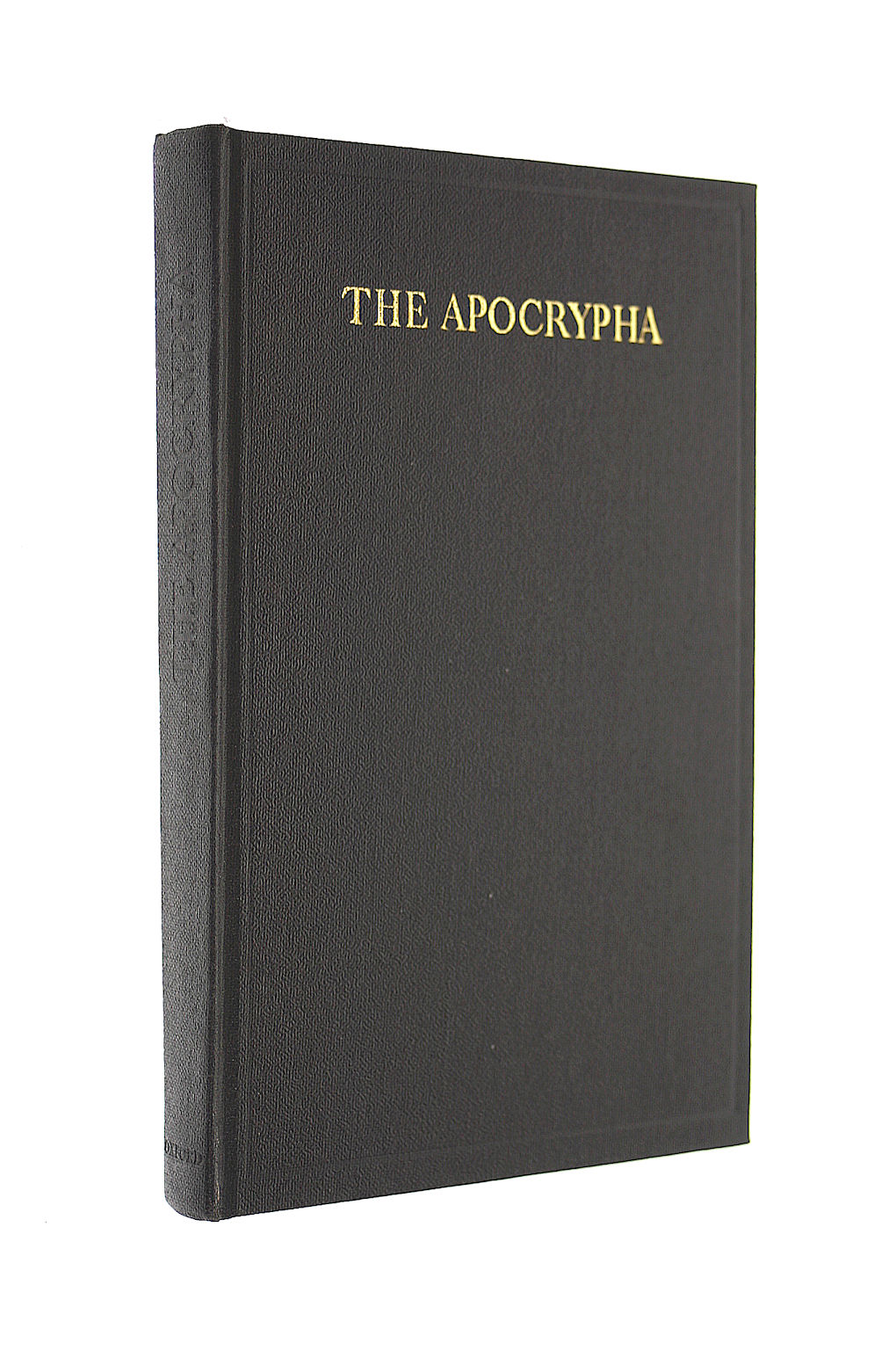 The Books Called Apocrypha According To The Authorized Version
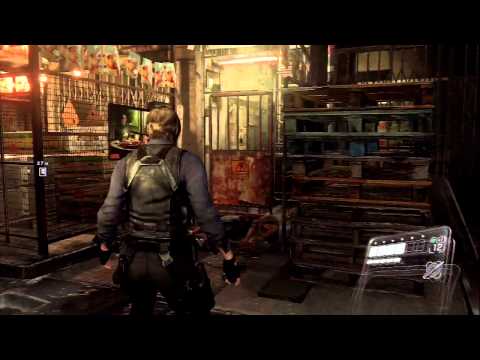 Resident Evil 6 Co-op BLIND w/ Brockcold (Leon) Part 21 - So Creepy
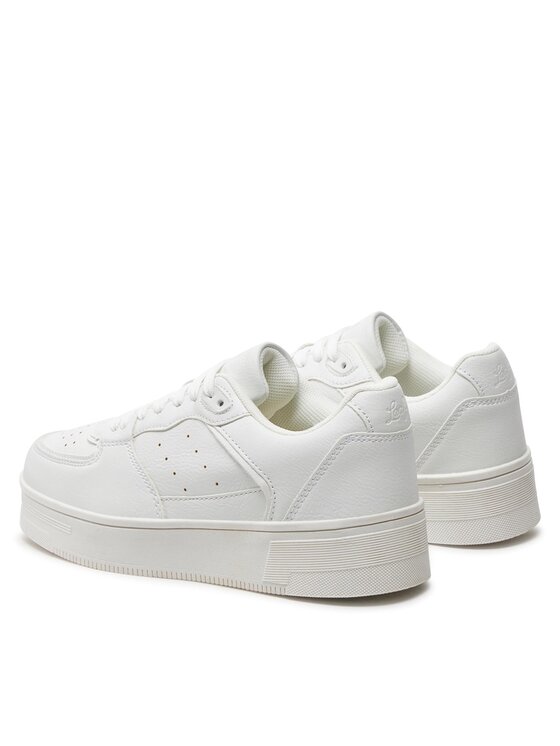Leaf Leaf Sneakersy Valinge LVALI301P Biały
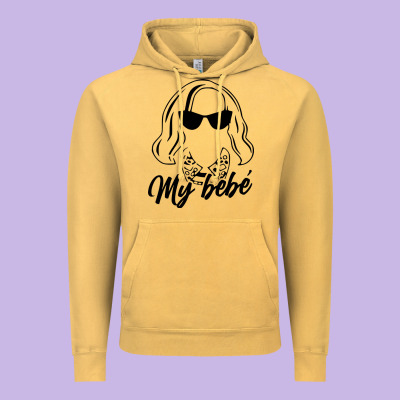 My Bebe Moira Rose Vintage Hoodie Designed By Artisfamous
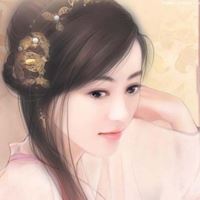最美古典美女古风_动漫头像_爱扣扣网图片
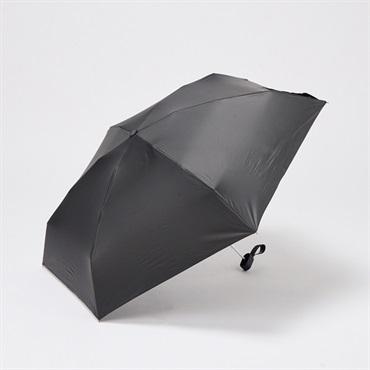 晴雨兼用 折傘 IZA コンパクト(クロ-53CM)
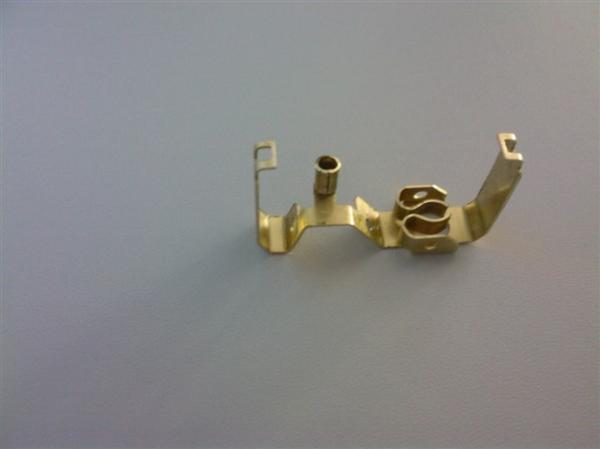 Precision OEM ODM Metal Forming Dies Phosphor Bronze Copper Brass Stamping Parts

* * *

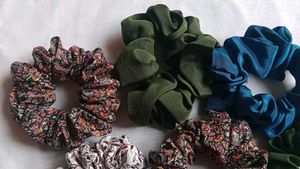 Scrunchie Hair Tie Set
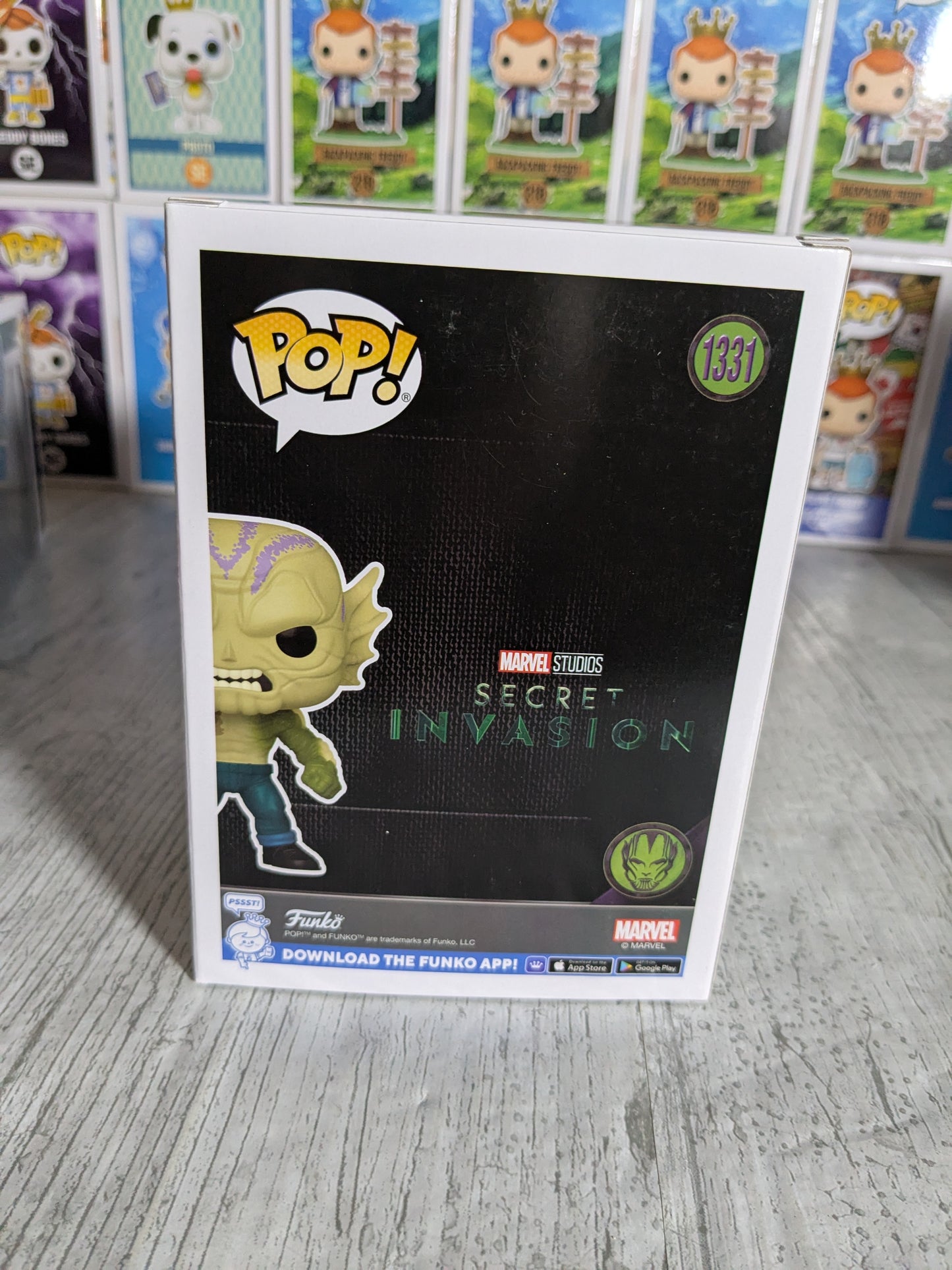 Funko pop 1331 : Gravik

---

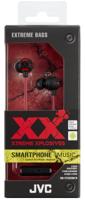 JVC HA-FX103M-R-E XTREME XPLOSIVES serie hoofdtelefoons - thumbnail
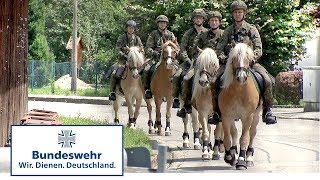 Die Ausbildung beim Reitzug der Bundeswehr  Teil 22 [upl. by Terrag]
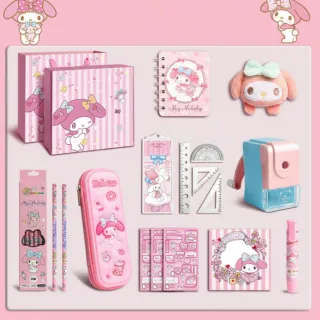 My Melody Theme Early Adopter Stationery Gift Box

*TASK STATEMENT:* Above are the records; return the lines in them from the one with "JVC HA-FX103M-R-E XTREME" to the one with "My Melody Theme", inclusive, exactly and without images.

*ANSWER TO THE EXERCISE:*
 JVC HA-FX103M-R-E XTREME XPLOSIVES serie hoofdtelefoons - thumbnail
 Die Ausbildung beim Reitzug der Bundeswehr  Teil 22 [upl. by Terrag]
 My Melody Theme Early Adopter Stationery Gift Box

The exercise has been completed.